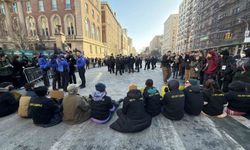 Columbia Üniversitesi önünde ICE protestosu: 10 öğrenci gözaltına alındı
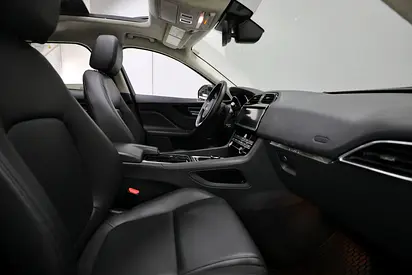 صورة مصغرة 14 لـ 2020 Jaguar F-PACE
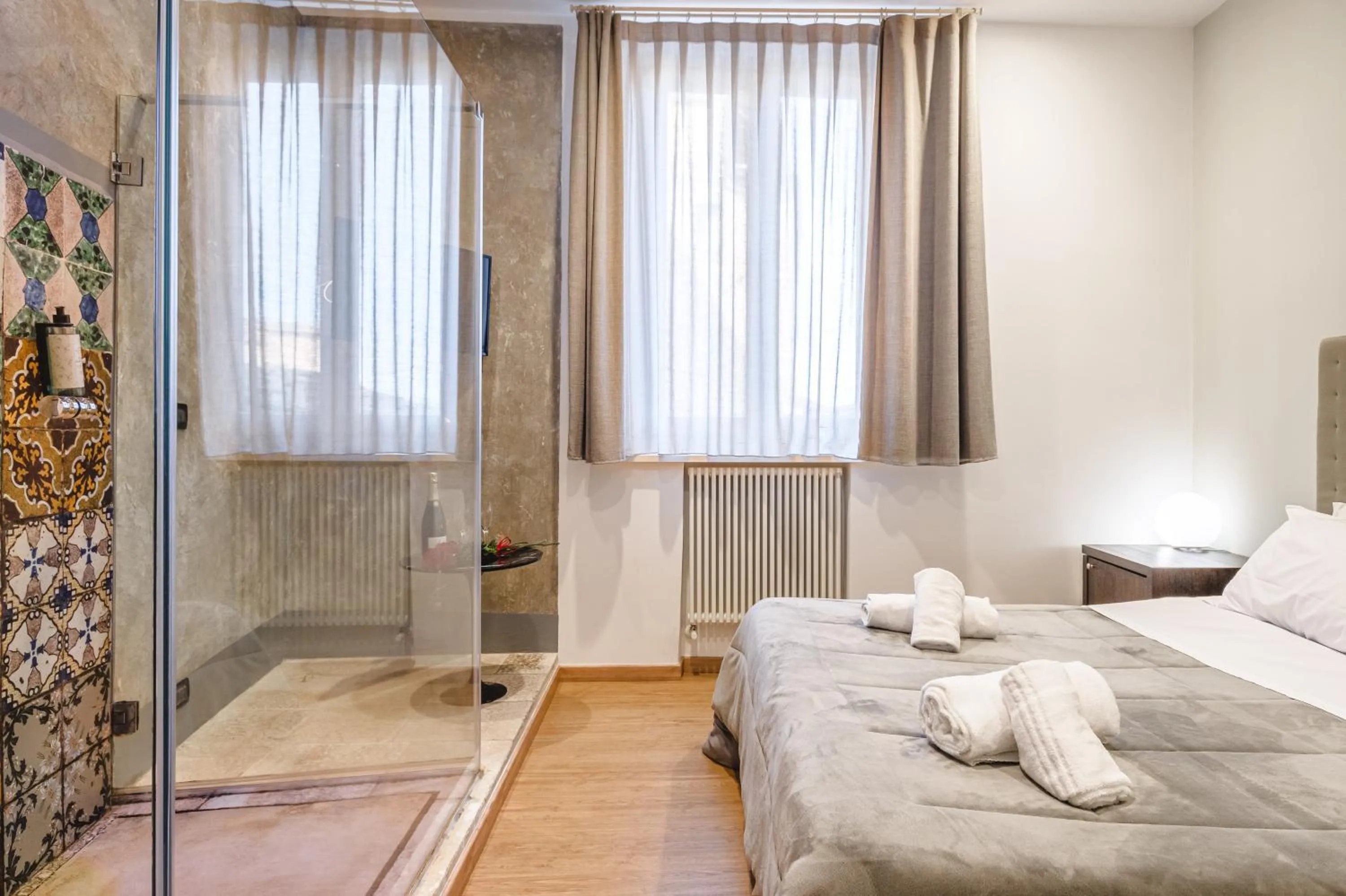 Shower, Bed in Il Battistero Siena Residenza d'Epoca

Exercise description —
Exclude the images, then output the data above word for word.

Reply —
 Columbia Üniversitesi önünde ICE protestosu: 10 öğrenci gözaltına alındı
 صورة مصغرة 14 لـ 2020 Jaguar F-PACE
 Shower, Bed in Il Battistero Siena Residenza d'Epoca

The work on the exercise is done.